San José, Costa Rica, since 1956

Artisan Group Transforms Trash into Cash

SAN LUIS DE MONTEVERDE, Puntarenas – On a drizzly day in the TilaránMountains, northwest of San José, 10 women work together under a corrugated tin roof, turning trash into a living.While a mother and daughter sit side by side, painting flowers and animals on small paper bags, others move between blue plastic barrels and simple machinery. In the corner sits an elderly man shredding pieces of cardboard. A handful of giggling children weave between the legs of the tables and the workers.

These are the women (and man) of the Asociación de Artesanas Ecobambú, an association of artisans in the small rural community of San Luis de Monteverde, near the Monteverde Cloud Forest Preserve.With assistance from the Tropical Science Center, the Ecobambú association has launched a business turning scrap paper and cardboard into artistic cards, notebooks and gift bags.

For the group of 10 women, mostly heads of their households, the project – begun in 2001 – has meant not only additional income for their families, but also an escape from the monotony of the housework that once defined their days.

“Life before, stuck in the house all day doing chores, was boring,” explained America Brenes, 63, president of the association.

“Now, thanks to the project, the economic situation has changed. And the whole family is involved. The little ones are here, in sight.”

The project has also earned the association international recognition. At the end of this month, a group of the Ecobambú women will fly to Spain to take part in the III International Fair of Women Businesses, Sept. 26 to Oct. 1. The trip, their food and lodging will be funded by the Andaluz Institute of Women, the organizer of the fair, according to a statement from the TropicalScienceCenter.

In Spain, the women of Ecobambú will meet with businesswomen from Europe, Africa and Latin America, and will have the chance to promote their product to potential clients and financial institutions that could eventually help fund the association.

An initial donation in 2001 by the TropicalScienceCenter of $14,000 in equipment and training launched the project.

The women of Ecobambú also receive all their scrap paper from the TropicalScienceCenter, which runs the Monteverde Cloud Forest Preserve, a gem of Costa Rican tourism, and several gift shops around the country.

The women then take the shredded paper and process it, chemical-free. After shredding the paper and cardboard, the scraps are left to sit in one of the waterfilled blue plastic barrels grouped around the Ecobambú workshop, returning it to pulp form.

“Once the paper is suavecito (soft), we bring it to the blender,” Brenes explained. Then, some of it is left as is, and some is added to tubs that have either bits of grass, coffee husks or other organic material that is mixed in for texture. Finally, the pulp is strained onto a screen and pressed into sheets – not an easy task.

“That’s why we’re so strong,” Brenes boasted, pulling back the sleeve of her blouse to reveal a firm bicep. The sheets are then hung to dry in the rafters of the workshop before they are cut to fit the different products and then decorated.

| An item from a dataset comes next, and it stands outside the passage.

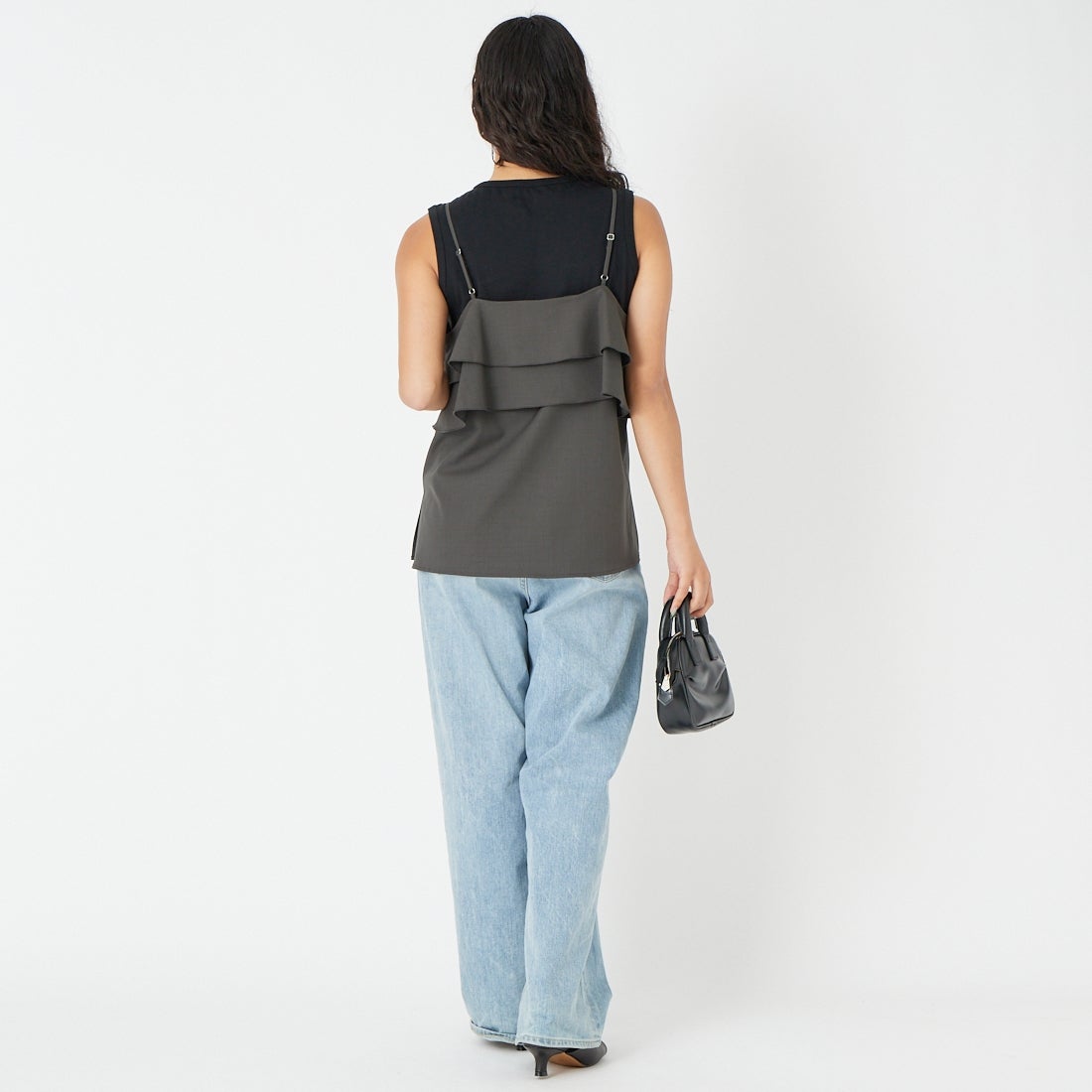 CLOCHE [クロシェ] ドライツイルキャミビスチェ [61285602] ﾁｬｺｰﾙ &&モデル身長：162cm 着用サイズ：2&&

The efforts of the women of Ecobambú materialize in 500-1,000 bags, notebooks, greeting cards and other products made from their paper each month. The keepsakes are sold at all of the Tropical Science Center’s souvenir stores, located at Póas Volcano National Park, north of San José; Irazú Volcano National Park, east of San José; and at the Monteverde Cloud Forest Preserve. In addition, the products are sold at various stores in Santa Elena, the tourist town below the mountaintop preserve.

Wendy Calderón, 24, says she sees various benefits from the program. In addition to working alongside her mother, she also has the flexibility to attend her college classes.

“Not a lot of jobs allow you to miss days,” Calderón said. “I like this because of the income, which wasn’t there before, and because I am helping out the environment.”

“Before, all this was garbage,” she said, motioning towards a stack of cardboard.

“Now it is a source of work, and it has given us a better quality of life.”